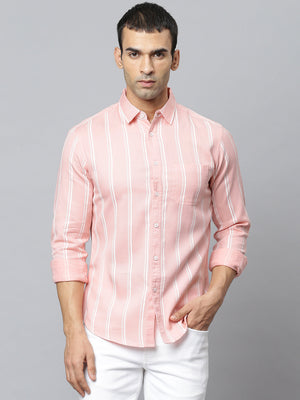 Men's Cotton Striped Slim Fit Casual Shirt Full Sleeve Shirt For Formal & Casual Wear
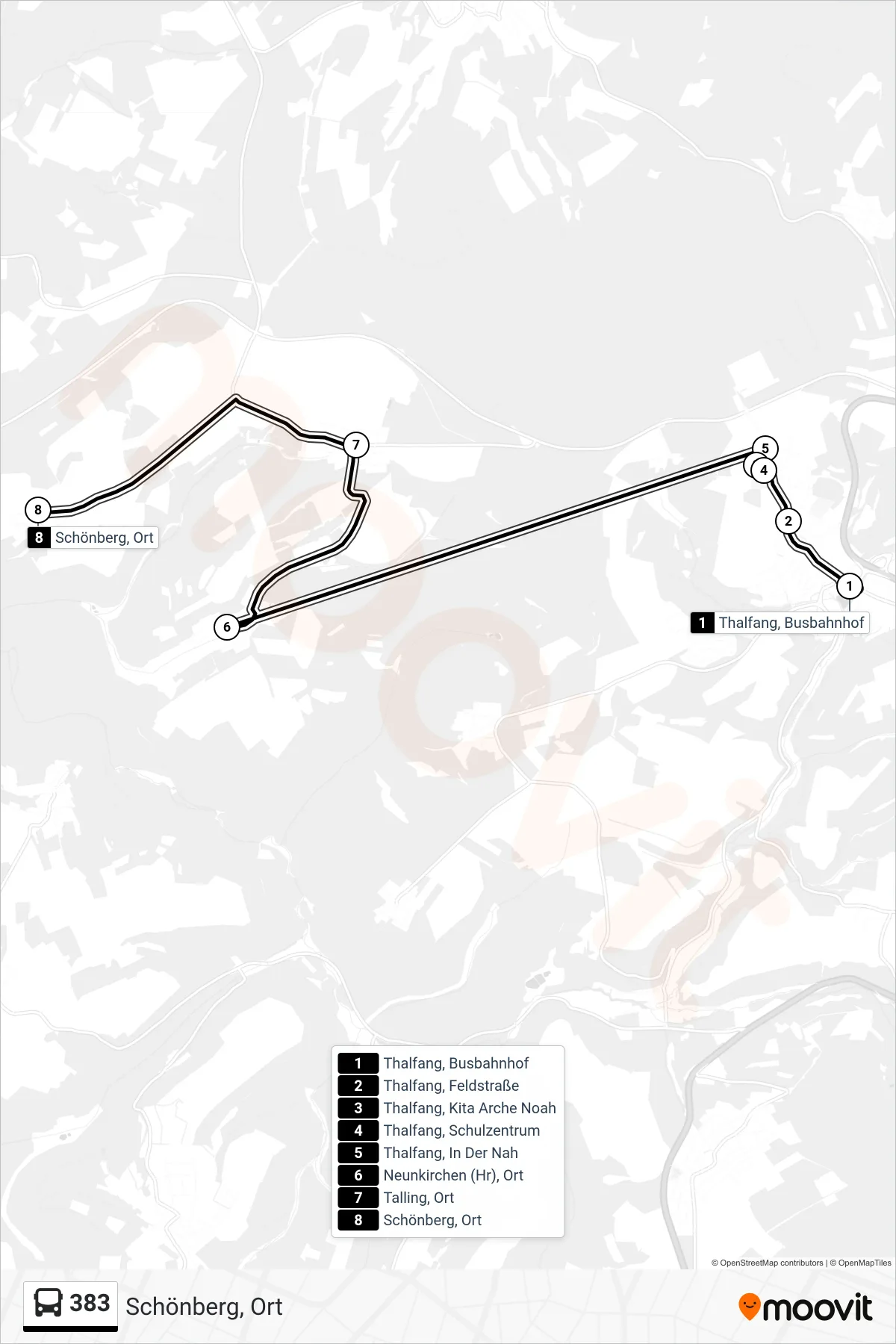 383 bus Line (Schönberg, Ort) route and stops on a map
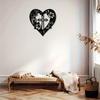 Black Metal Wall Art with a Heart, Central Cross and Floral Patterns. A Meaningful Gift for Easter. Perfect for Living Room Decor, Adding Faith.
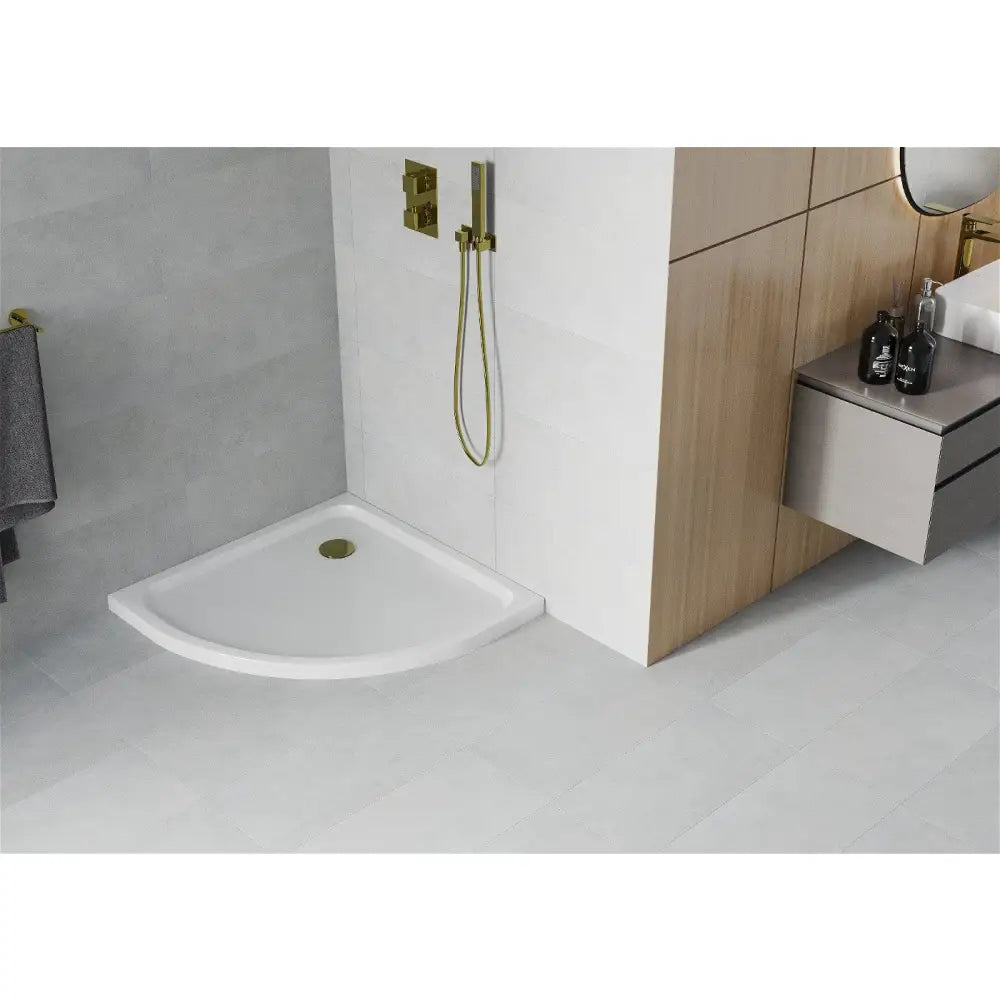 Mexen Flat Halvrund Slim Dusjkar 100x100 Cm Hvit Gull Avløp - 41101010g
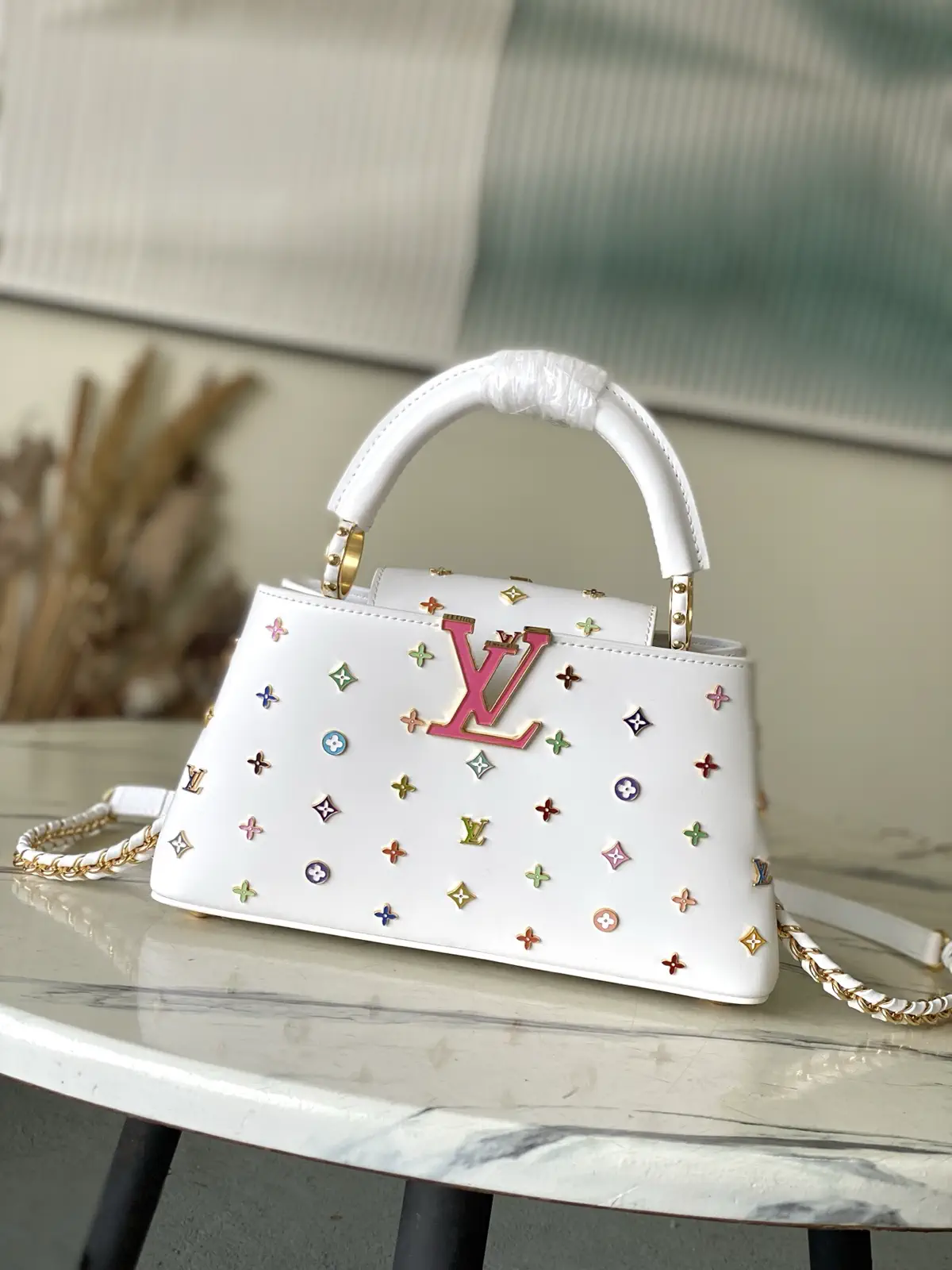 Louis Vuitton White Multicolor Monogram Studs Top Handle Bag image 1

------------------------------------------------------------

[WORK TO BE COMPLETED]
Exactly as written, restate all of the data, leaving out the images.

[EXPECTED ANSWER]
 Men's Cotton Striped Slim Fit Casual Shirt Full Sleeve Shirt For Formal & Casual Wear
 383 bus Line (Schönberg, Ort) route and stops on a map
 Black Metal Wall Art with a Heart, Central Cross and Floral Patterns. A Meaningful Gift for Easter. Perfect for Living Room Decor, Adding Faith.
 Mexen Flat Halvrund Slim Dusjkar 100x100 Cm Hvit Gull Avløp - 41101010g
 Louis Vuitton White Multicolor Monogram Studs Top Handle Bag image 1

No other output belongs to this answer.